▸ **TASK OBJECTIVE**: An exact reproduction of the records is required. Images must be left out.

** Opening RAW DATA block **

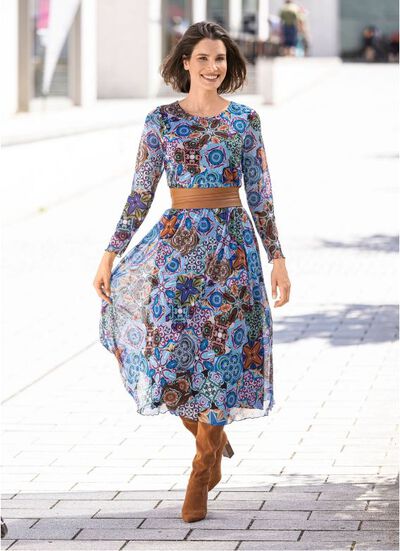 Kleid mit breitem G&uuml;rtel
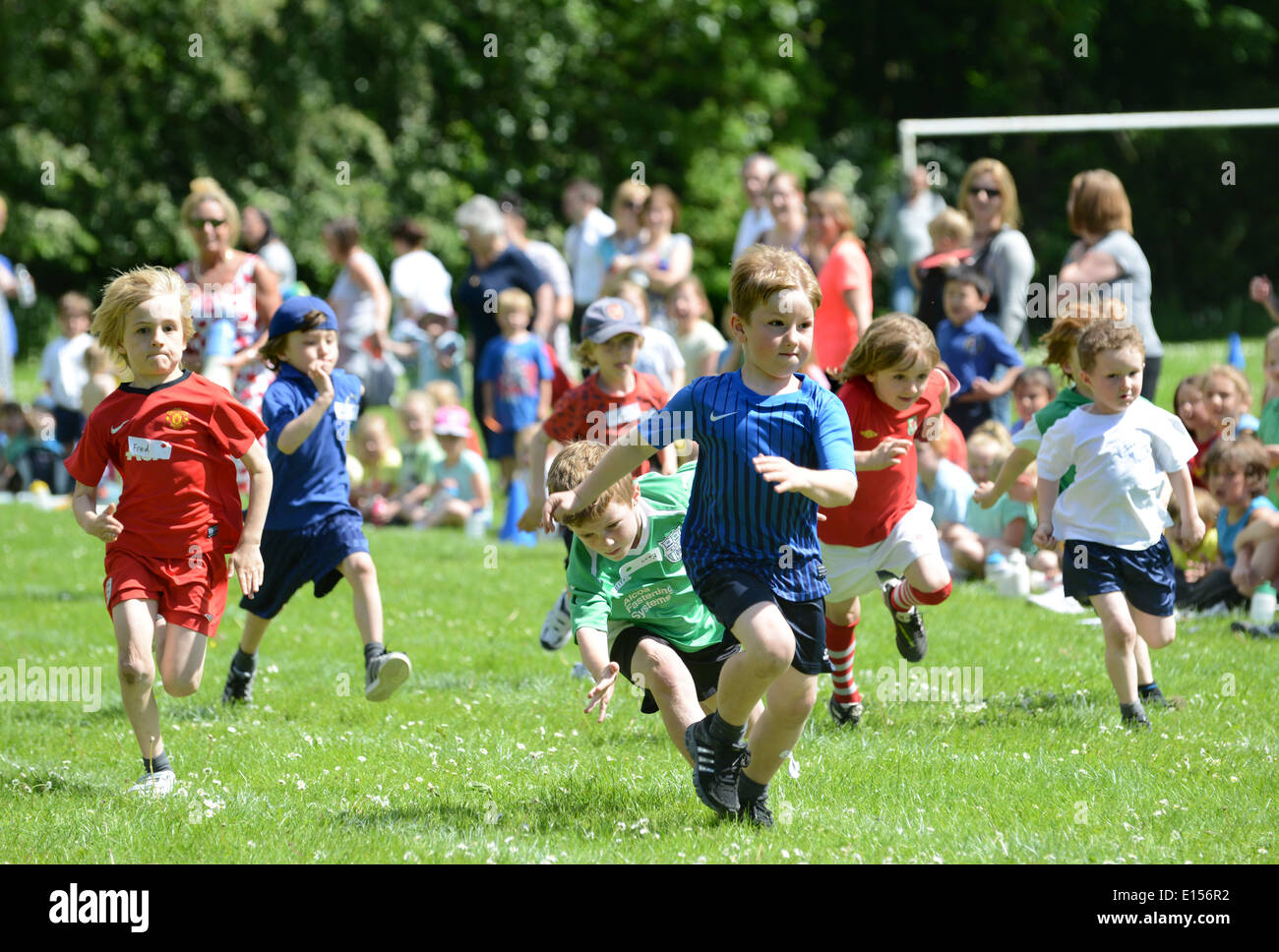 La scuola primaria la giornata dello sport boys gara di corsa Regno Unito Foto Stock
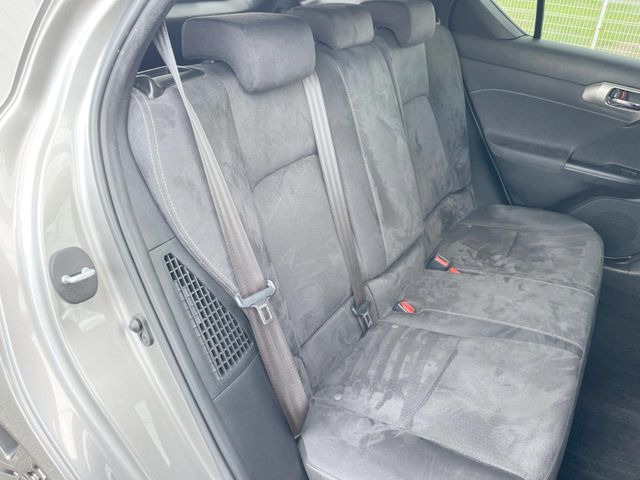 後部座席も気になるようなキズ・汚れやへたり等、大きなダメージはなく、良好な状態です。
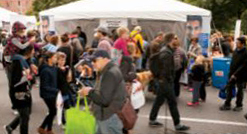 Photo de personnes qui visitent le festival The Word On The Street. Le kiosque de l’Ordre figure à l’arrière-plan.
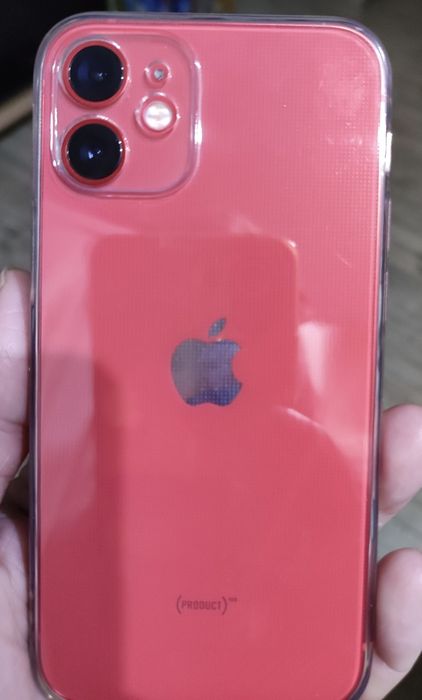 Telefon Apple iPhone 12 Red.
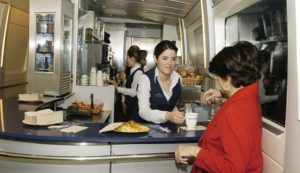 Servicio de cafetería a bordo de trenes AVE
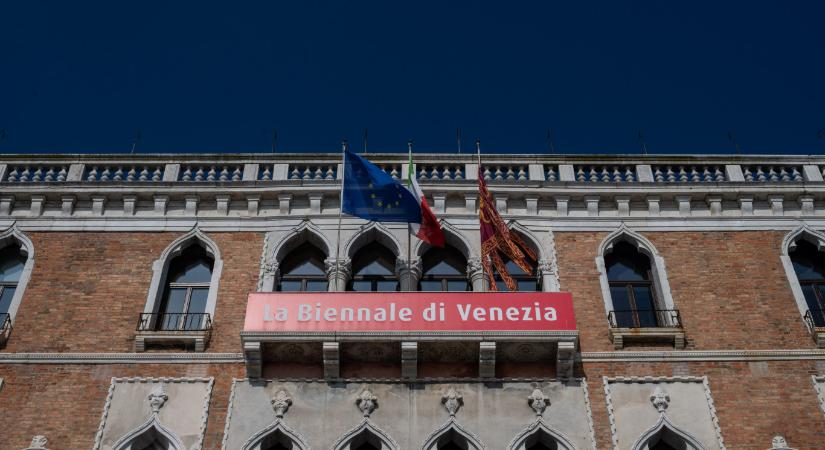 Az EU megvonhatja a Velencei Biennále támogatását, ha meghívják az oroszokat is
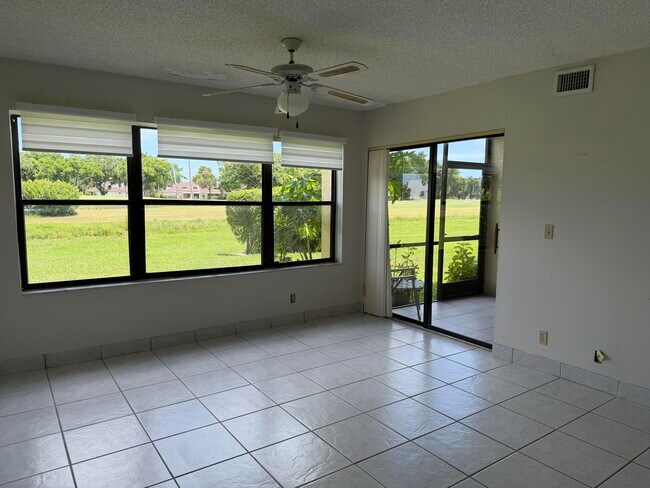 Building Photo - 4692 Lucerne Lakes Blvd E
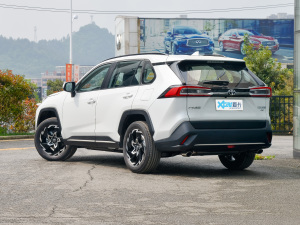 2022款2.0L CVT四驱科技版 左后45度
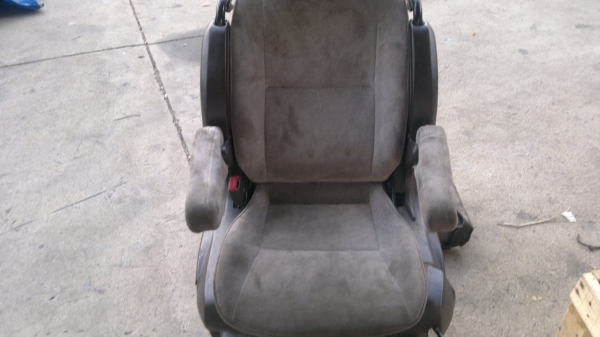 ขายเก้าอี้ไฟฟ้าสำหรับผู้สูงอายุหรือพิการเหมาะใส่รถmpvหรือรถตู้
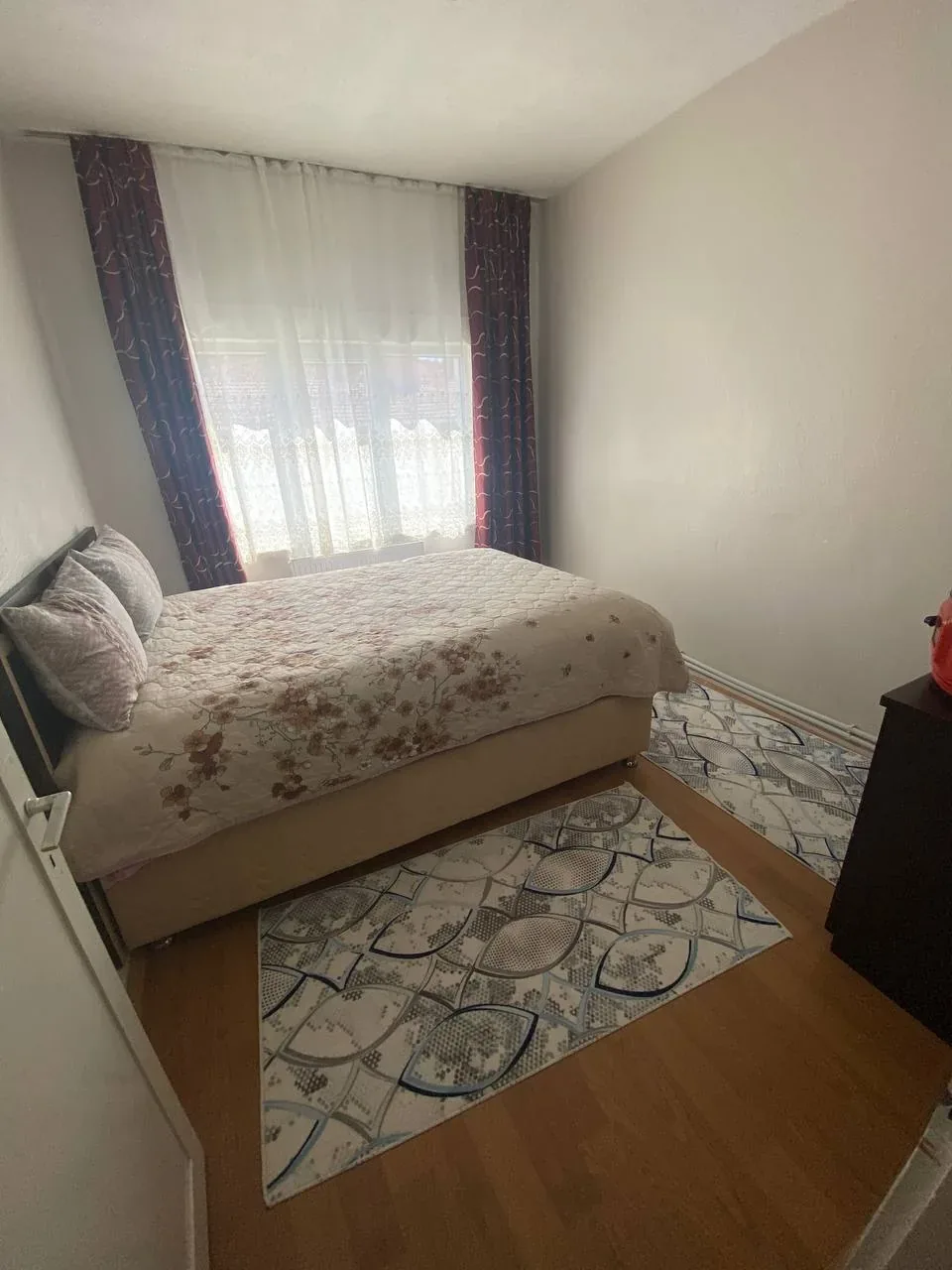 DEVELİ POLAT GAYRİMENKUL - YENİ MAH. SATILIK BAKIMLI ARA KAT DAİRE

** Closing RAW DATA block **

▸ **RESULT BELOW**:
 Kleid mit breitem G&uuml;rtel
 La scuola primaria la giornata dello sport boys gara di corsa Regno Unito Foto Stock
 後部座席も気になるようなキズ・汚れやへたり等、大きなダメージはなく、良好な状態です。
 Photo de personnes qui visitent le festival The Word On The Street. Le kiosque de l’Ordre figure à l’arrière-plan.
 Telefon Apple iPhone 12 Red.
 Servicio de cafetería a bordo de trenes AVE
 Az EU megvonhatja a Velencei Biennále támogatását, ha meghívják az oroszokat is
 Building Photo - 4692 Lucerne Lakes Blvd E
 2022款2.0L CVT四驱科技版 左后45度
 ขายเก้าอี้ไฟฟ้าสำหรับผู้สูงอายุหรือพิการเหมาะใส่รถmpvหรือรถตู้
 DEVELİ POLAT GAYRİMENKUL - YENİ MAH. SATILIK BAKIMLI ARA KAT DAİRE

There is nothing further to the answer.